Your goal >> Restate word for word the lines below that run from the one holding "Anillo en plata con Ópalo de Welo" through the one holding "AstroAI Digital Multimeter", inclusive. Pictures don't belong in the copy.

Raw data >>
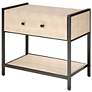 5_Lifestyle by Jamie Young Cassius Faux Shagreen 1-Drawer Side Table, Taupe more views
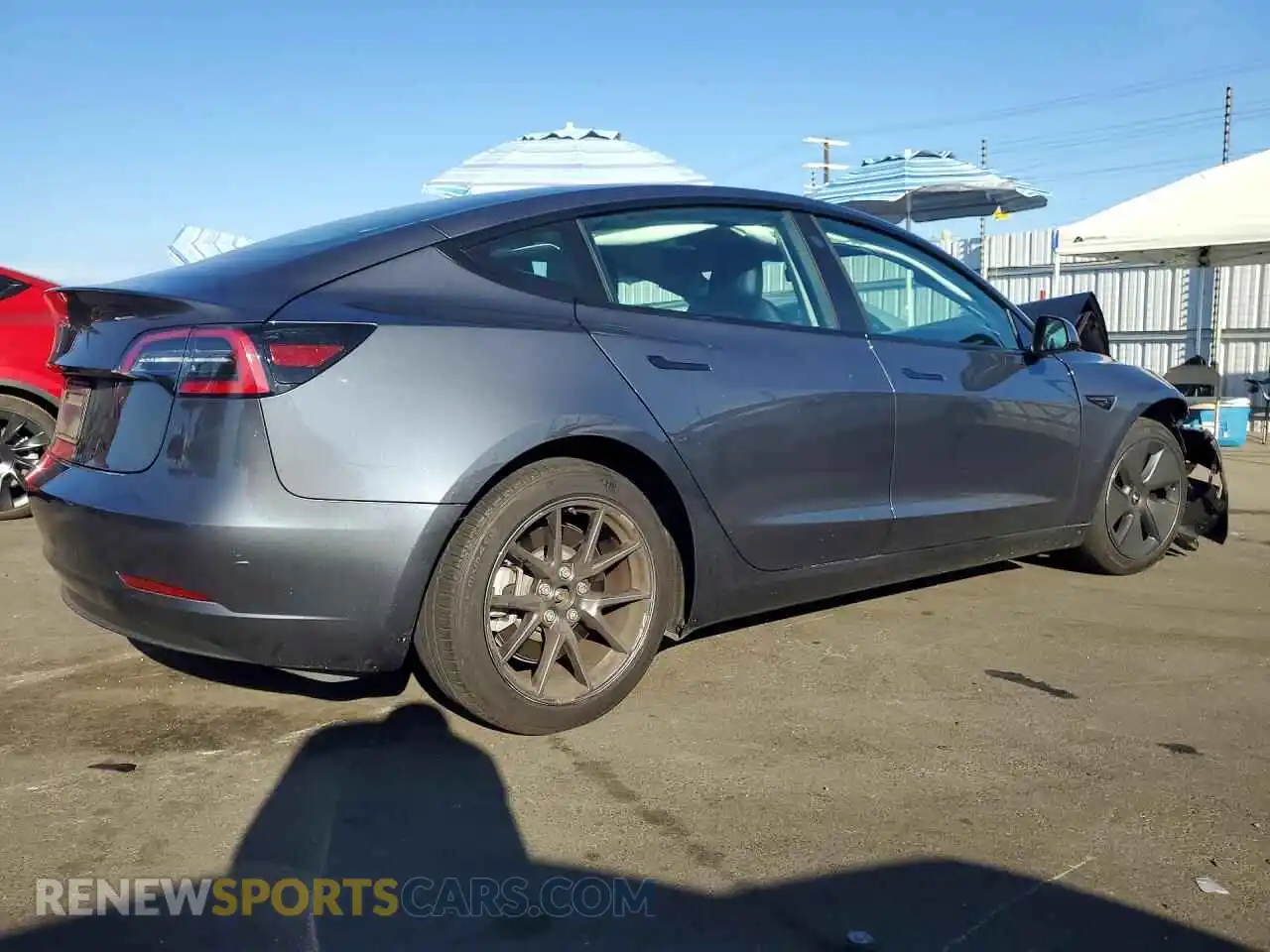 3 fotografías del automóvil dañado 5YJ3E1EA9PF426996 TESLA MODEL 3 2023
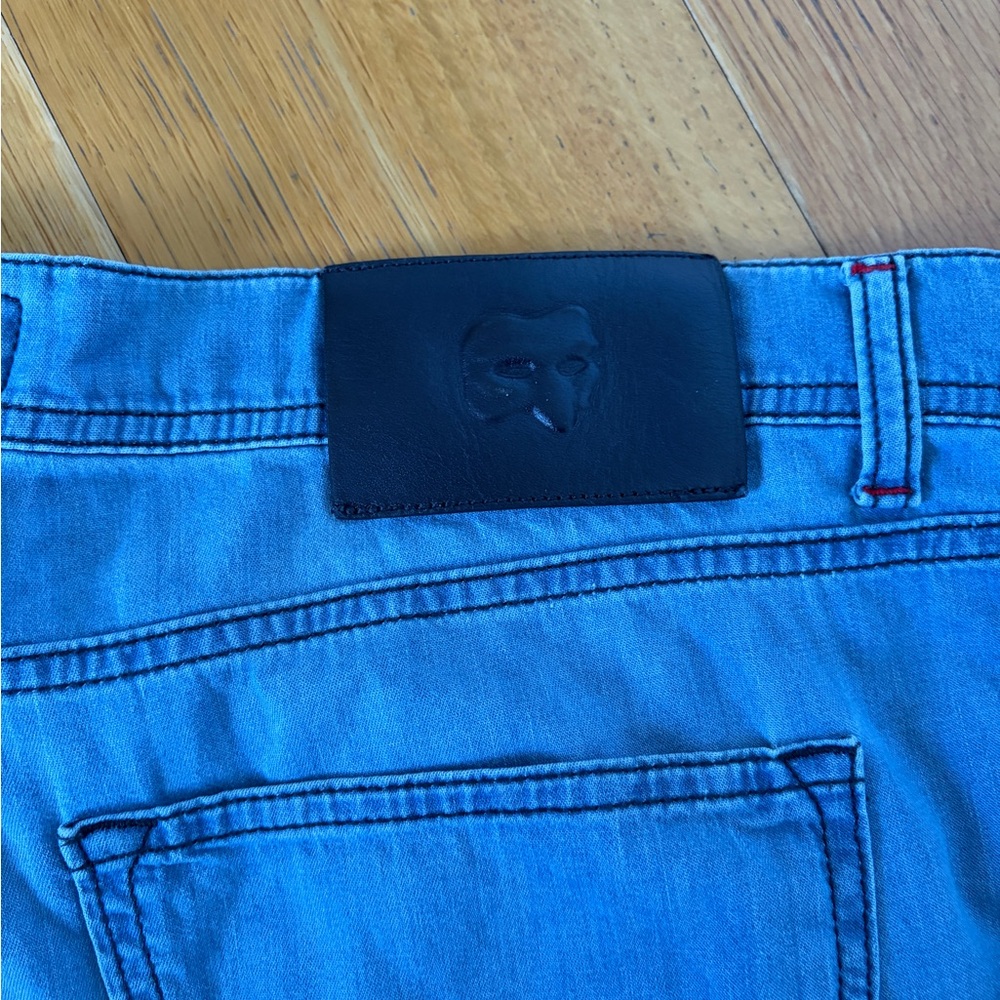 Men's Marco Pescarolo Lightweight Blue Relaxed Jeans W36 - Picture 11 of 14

...

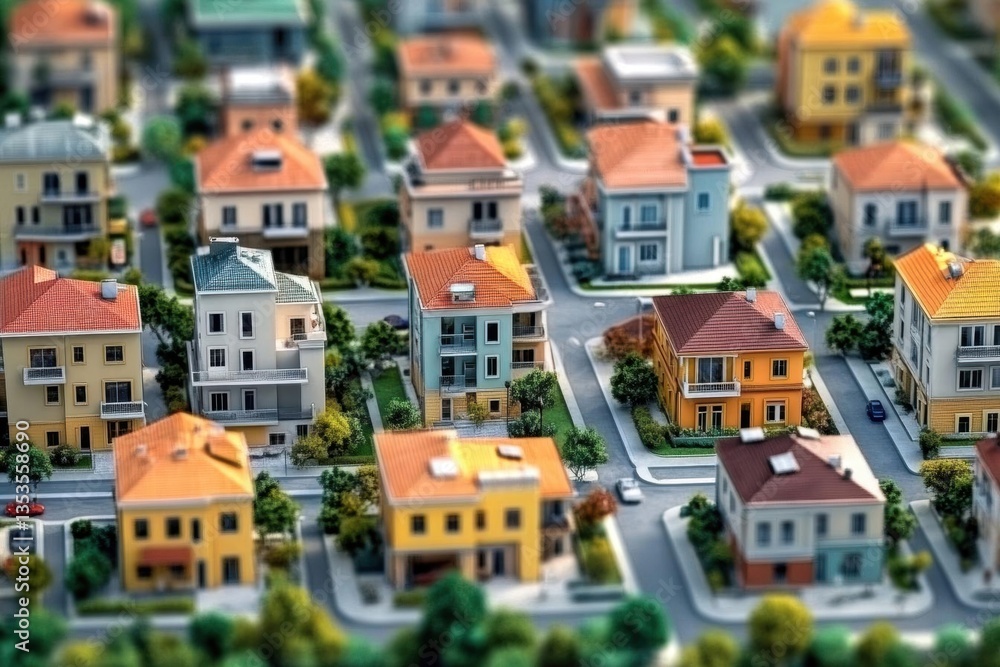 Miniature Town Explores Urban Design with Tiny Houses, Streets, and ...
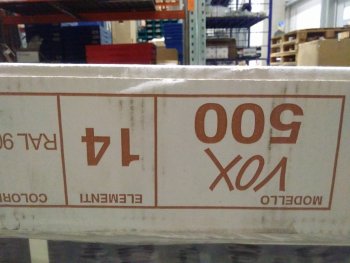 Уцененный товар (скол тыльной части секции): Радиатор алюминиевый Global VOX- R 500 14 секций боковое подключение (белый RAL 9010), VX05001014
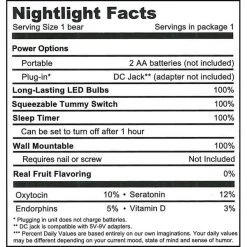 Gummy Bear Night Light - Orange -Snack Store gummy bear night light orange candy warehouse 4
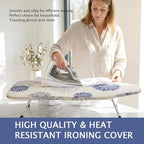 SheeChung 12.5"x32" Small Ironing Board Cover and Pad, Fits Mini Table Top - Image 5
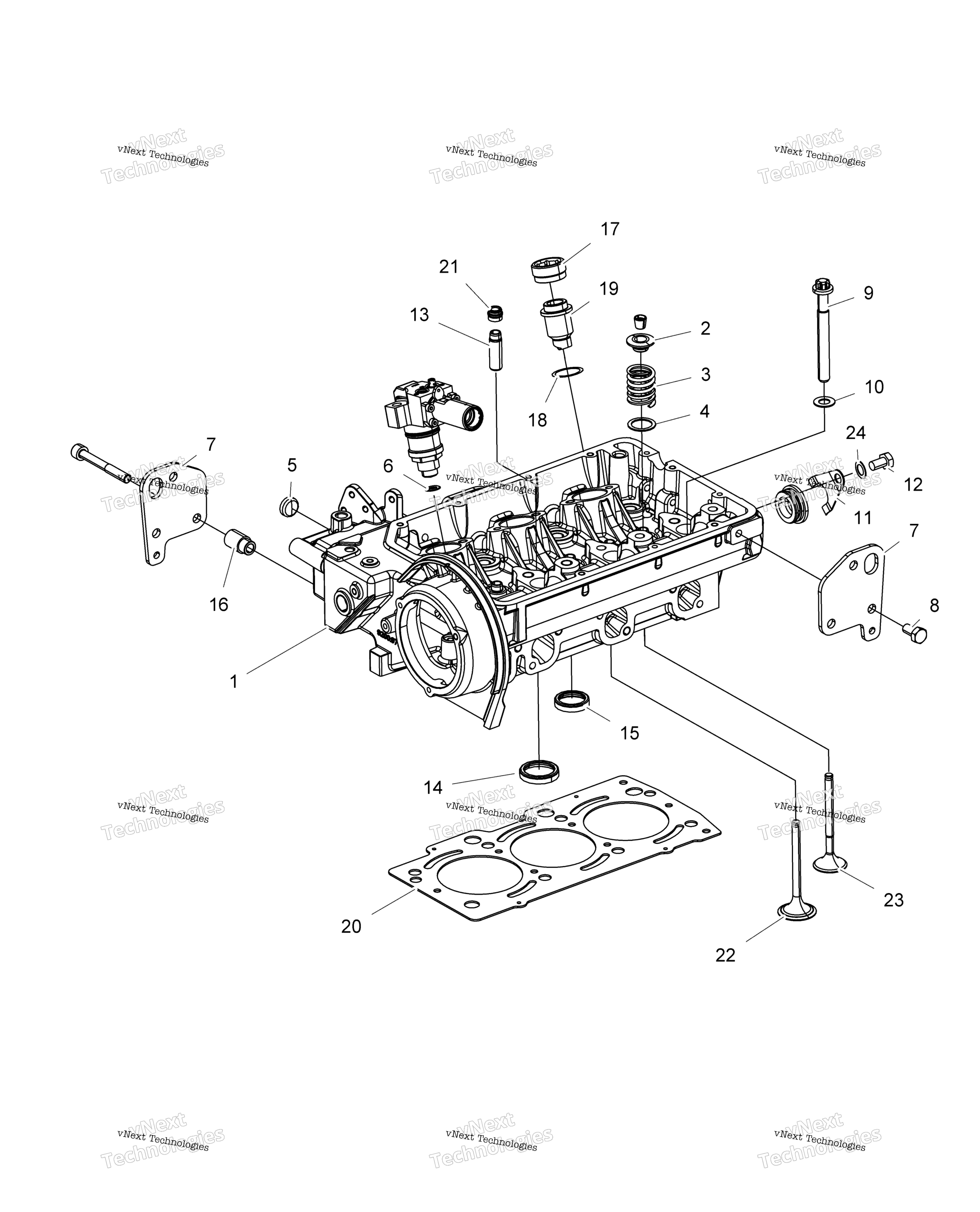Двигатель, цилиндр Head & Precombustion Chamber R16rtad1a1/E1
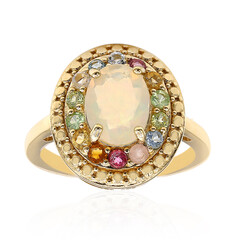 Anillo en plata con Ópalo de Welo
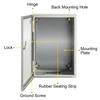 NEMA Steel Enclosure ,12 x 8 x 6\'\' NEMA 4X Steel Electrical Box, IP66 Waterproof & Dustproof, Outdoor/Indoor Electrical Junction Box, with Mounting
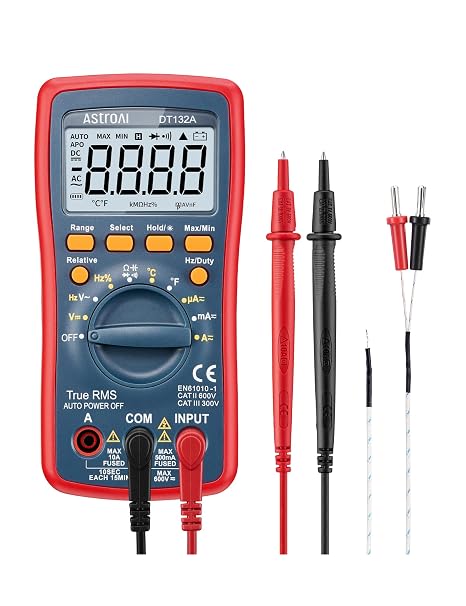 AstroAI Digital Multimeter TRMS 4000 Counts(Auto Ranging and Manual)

...

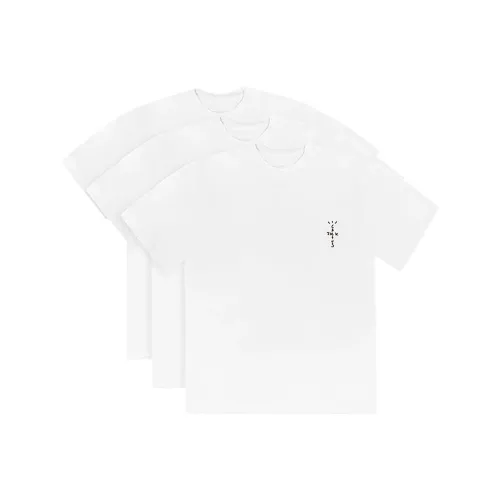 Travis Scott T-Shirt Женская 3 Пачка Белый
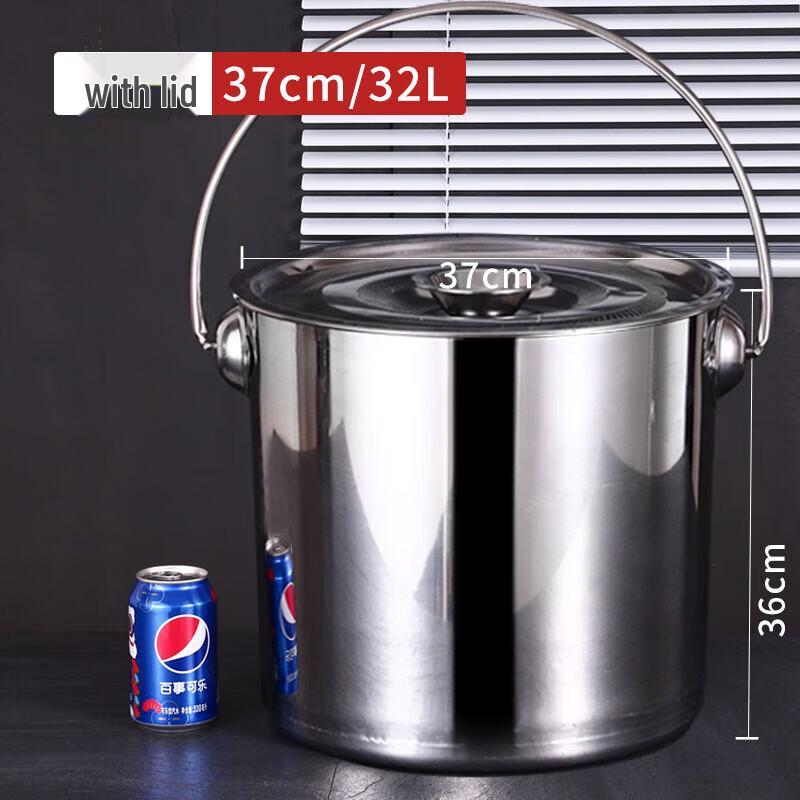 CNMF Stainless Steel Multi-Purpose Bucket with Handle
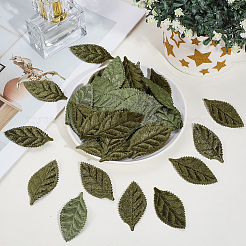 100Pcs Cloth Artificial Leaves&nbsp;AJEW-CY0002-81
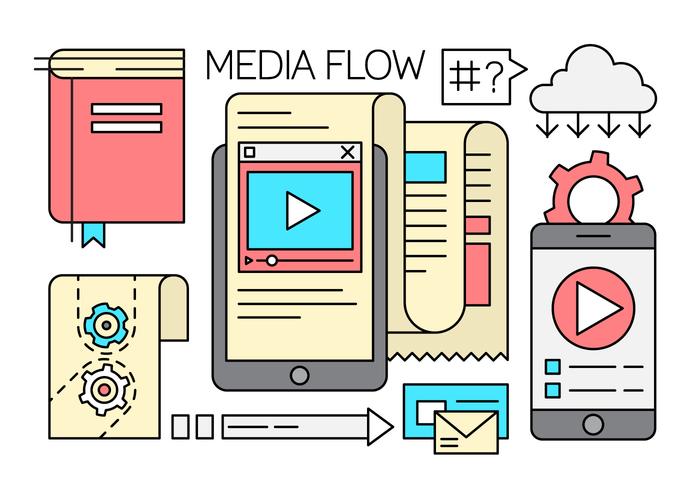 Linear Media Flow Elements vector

Answer to this exercise >>
 Anillo en plata con Ópalo de Welo
 NEMA Steel Enclosure ,12 x 8 x 6\'\' NEMA 4X Steel Electrical Box, IP66 Waterproof & Dustproof, Outdoor/Indoor Electrical Junction Box, with Mounting
 AstroAI Digital Multimeter TRMS 4000 Counts(Auto Ranging and Manual)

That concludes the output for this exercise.